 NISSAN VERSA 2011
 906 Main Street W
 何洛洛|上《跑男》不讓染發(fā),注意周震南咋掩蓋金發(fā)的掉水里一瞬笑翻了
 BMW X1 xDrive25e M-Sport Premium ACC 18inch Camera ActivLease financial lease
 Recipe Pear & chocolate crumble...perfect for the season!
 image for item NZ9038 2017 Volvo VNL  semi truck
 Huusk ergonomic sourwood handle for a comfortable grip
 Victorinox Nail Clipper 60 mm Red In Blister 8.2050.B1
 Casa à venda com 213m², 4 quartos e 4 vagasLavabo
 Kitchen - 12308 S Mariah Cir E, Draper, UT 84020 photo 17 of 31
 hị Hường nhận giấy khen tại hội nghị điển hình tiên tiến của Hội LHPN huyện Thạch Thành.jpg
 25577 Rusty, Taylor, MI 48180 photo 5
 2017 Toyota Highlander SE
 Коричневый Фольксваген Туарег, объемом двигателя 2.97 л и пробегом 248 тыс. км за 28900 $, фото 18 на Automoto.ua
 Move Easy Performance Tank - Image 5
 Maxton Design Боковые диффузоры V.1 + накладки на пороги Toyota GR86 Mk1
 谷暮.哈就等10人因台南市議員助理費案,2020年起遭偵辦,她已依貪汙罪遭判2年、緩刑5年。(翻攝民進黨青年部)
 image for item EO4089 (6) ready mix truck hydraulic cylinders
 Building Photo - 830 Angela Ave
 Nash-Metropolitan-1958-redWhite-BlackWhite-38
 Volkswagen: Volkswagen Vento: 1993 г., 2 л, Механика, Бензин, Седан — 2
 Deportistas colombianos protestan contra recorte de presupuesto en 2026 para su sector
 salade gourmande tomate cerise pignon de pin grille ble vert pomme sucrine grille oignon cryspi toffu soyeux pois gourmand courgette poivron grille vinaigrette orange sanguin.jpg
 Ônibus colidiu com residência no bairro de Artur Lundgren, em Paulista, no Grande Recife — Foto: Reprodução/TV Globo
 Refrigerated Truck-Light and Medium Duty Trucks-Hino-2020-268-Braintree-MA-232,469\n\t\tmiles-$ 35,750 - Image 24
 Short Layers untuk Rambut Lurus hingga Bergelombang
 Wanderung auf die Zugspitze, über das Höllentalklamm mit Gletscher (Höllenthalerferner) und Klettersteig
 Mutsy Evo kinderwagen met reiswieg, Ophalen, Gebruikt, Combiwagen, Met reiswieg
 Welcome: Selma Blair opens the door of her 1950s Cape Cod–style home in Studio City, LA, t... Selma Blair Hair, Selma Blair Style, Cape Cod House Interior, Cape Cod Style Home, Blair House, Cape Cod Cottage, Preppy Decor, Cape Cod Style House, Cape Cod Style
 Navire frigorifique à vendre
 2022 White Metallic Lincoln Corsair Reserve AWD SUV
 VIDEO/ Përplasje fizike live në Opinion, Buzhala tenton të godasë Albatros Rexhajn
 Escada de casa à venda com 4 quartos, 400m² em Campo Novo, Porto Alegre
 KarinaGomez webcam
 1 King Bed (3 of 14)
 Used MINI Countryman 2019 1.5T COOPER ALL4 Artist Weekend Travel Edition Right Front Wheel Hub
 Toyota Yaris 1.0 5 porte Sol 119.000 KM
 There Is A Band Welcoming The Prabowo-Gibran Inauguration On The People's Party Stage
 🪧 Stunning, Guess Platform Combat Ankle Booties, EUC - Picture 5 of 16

#####

▸ WORK REQUEST
Retype, exactly as shown, the lines from the one with "Navire frigorifique à vendre" through the end of the records.

▸ ANSWER TO THE PROBLEM
 Navire frigorifique à vendre
 2022 White Metallic Lincoln Corsair Reserve AWD SUV
 VIDEO/ Përplasje fizike live në Opinion, Buzhala tenton të godasë Albatros Rexhajn
 Escada de casa à venda com 4 quartos, 400m² em Campo Novo, Porto Alegre
 KarinaGomez webcam
 1 King Bed (3 of 14)
 Used MINI Countryman 2019 1.5T COOPER ALL4 Artist Weekend Travel Edition Right Front Wheel Hub
 Toyota Yaris 1.0 5 porte Sol 119.000 KM
 There Is A Band Welcoming The Prabowo-Gibran Inauguration On The People's Party Stage
 🪧 Stunning, Guess Platform Combat Ankle Booties, EUC - Picture 5 of 16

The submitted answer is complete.